Local Air Quality
And Dispersion Modelling
Faced with the growing concerns of the public related to pollutant emissions and related health issues, the aviation sector, and in particular airports, must adopt an effective strategy to address this matter.
Indeed, emissions from aircraft and other emission sources at an airport have an effect on the local air quality (LAQ): in particular, emissions of nitrogen oxides (NOx), volatile organic compounds (VOCs), carbon monoxide (CO) and particulate matter (PM) are the most important contributors on LAQ concerns. However, the airport is not the only source of emissions. Usually airports are surrounded by road networks and supplied by power stations and other industrial facilities. The airport is therefore not the only, and often not even the major source, responsible for all the air pollution measured in the area. The pragmatic solution to understanding the contribution of an airport to the measured air quality at any point around it, is through modelling.
Combining the Emissions inventory with dispersion models can be used to assess the current or the forecast LAQ for planned projects.
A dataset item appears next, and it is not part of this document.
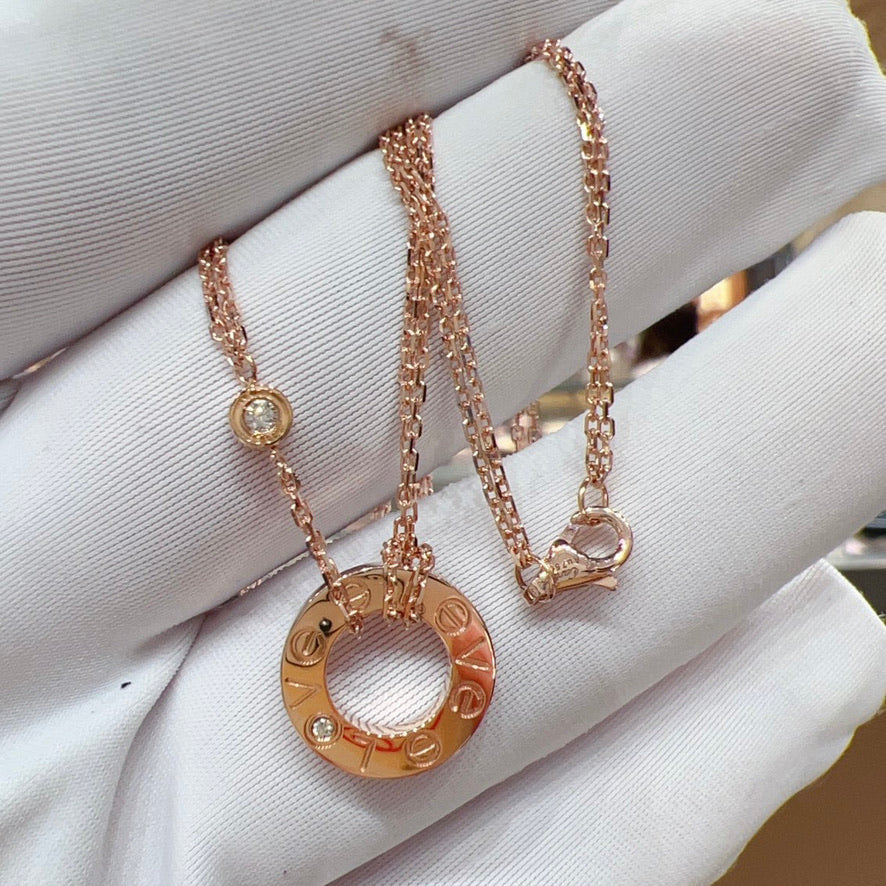 [Amore]LOVE NECKLACE 16MM 2 DIAMONDS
Knowing what are the critical pollutants and where the concentration is close or higher than regulated limits, is essential to better understand the problem at its source.
New infrastructure projects such as new runways or Terminals can be assessed fr their impact as the geographical distribution of the sources and the amounts will clearly change, as will non airport sources, in particular road traffic, which may have some dependency relationship with any growth of the airport.